(Records drawn from a dataset)
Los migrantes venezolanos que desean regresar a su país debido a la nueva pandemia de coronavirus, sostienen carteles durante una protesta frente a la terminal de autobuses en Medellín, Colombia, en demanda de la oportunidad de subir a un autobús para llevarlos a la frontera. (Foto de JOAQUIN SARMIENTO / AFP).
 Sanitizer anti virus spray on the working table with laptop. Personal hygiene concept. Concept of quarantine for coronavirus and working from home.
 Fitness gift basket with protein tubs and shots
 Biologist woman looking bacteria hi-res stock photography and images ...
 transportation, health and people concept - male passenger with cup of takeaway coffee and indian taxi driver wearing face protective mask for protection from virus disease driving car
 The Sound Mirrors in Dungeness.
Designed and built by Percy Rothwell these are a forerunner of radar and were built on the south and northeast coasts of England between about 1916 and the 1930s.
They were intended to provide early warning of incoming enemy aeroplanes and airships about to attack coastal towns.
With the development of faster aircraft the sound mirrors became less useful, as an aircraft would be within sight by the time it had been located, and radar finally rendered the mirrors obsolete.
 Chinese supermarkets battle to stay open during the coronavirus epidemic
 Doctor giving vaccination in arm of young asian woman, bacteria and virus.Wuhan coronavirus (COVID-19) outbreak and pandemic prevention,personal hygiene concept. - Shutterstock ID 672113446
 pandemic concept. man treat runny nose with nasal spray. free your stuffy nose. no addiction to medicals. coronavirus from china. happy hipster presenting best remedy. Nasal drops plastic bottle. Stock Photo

• **HOW TO COMPLETE THIS TASK**
Whenever a line of the data above includes the word "about", copy that line.

• **PROBLEM SOLUTION**
Designed and built by Percy Rothwell these are a forerunner of radar and were built on the south and northeast coasts of England between about 1916 and the 1930s.
They were intended to provide early warning of incoming enemy aeroplanes and airships about to attack coastal towns.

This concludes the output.